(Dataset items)
===

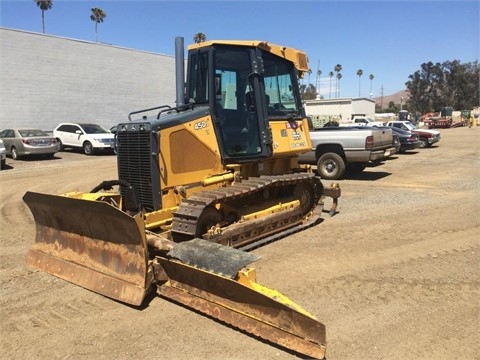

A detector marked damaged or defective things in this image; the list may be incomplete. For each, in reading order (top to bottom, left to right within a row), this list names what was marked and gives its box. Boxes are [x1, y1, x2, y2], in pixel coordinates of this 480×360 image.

rusty blade surface [22, 191, 149, 306]
rusty blade surface [158, 258, 326, 358]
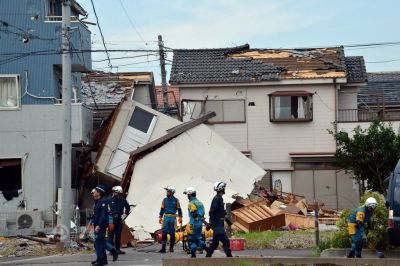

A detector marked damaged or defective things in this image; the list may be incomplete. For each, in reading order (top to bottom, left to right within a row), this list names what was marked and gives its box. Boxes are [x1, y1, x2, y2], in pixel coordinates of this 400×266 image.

damaged two-story house [0, 0, 91, 234]
damaged roof section [169, 44, 366, 84]
damaged two-story house [170, 44, 368, 210]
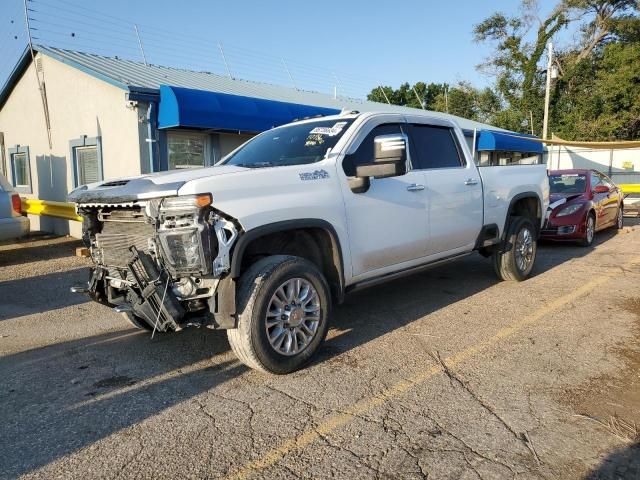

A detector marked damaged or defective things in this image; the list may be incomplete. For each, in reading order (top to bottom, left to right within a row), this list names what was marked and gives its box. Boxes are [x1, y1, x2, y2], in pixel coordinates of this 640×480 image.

damaged front end [75, 193, 240, 332]
cracked pavement [1, 222, 640, 480]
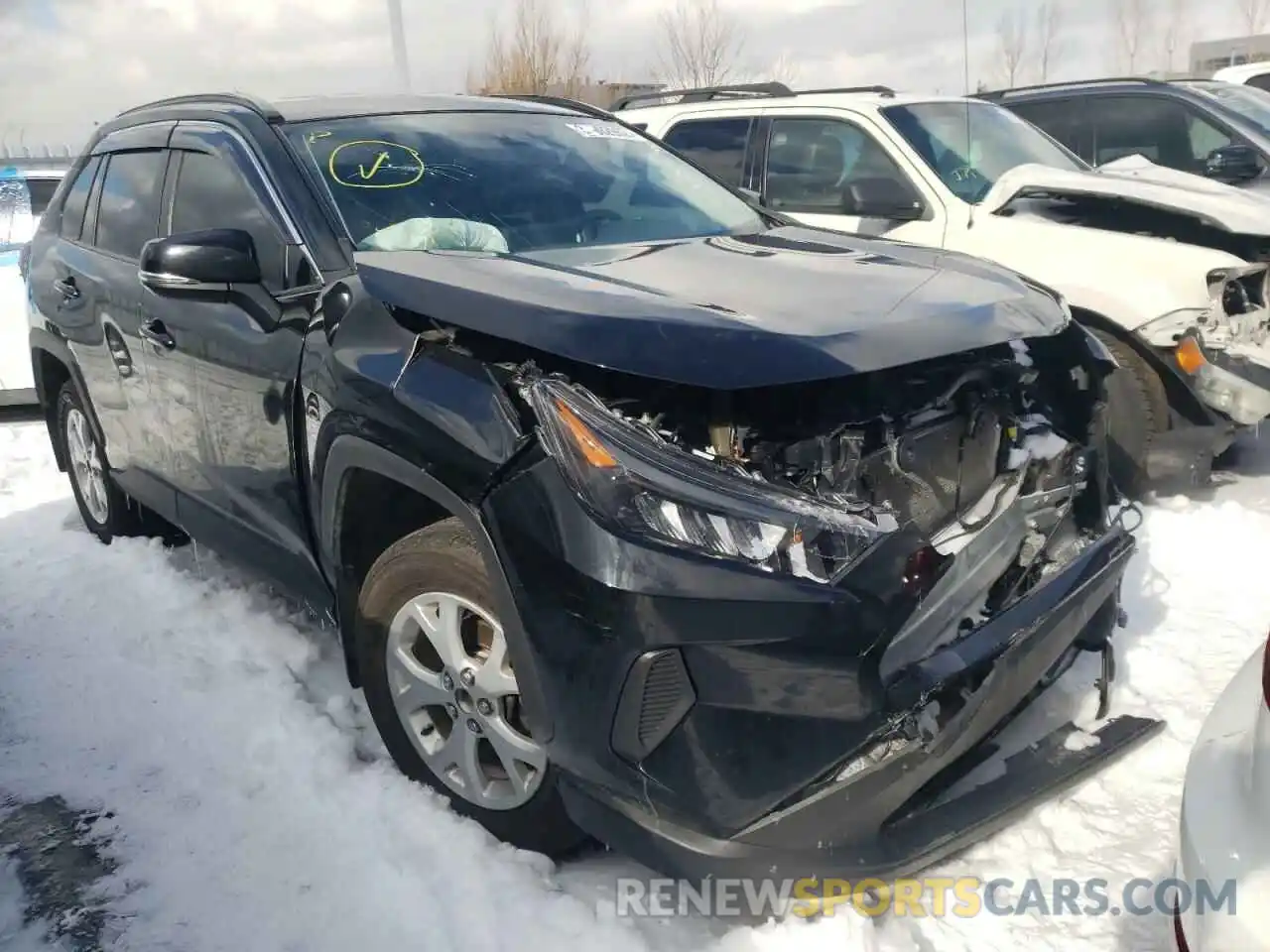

===

_What to do_: Set down every line of the entries above again, exactly as written, but not the pictures.

_Result_:
A detector marked damaged or defective things in this image; the list may be incomplete. For each, in reading order (top to bottom, left to right within a row), this list names what was marked and gives its box. Boxes are [x1, y1, x2, y2], in pixel coordinates of this 480×360 image.

rusty blade surface [22, 191, 149, 306]
rusty blade surface [158, 258, 326, 358]

A detector marked damaged or defective things in this image; the list may be incomplete. For each, in reading order (top to bottom, left to right within a row), this list names what was marked and gives its box. Boxes are [x1, y1, x2, y2], in pixel coordinates of this 400×266 image.

damaged two-story house [0, 0, 91, 234]
damaged roof section [169, 44, 366, 84]
damaged two-story house [170, 44, 368, 210]

A detector marked damaged or defective things in this image; the list may be incomplete. For each, in reading order (top to bottom, left to right within a row), this list names what was marked and gives its box. Boxes are [x1, y1, x2, y2], in pixel coordinates of this 640×480 image.

damaged front end [75, 193, 240, 332]
cracked pavement [1, 222, 640, 480]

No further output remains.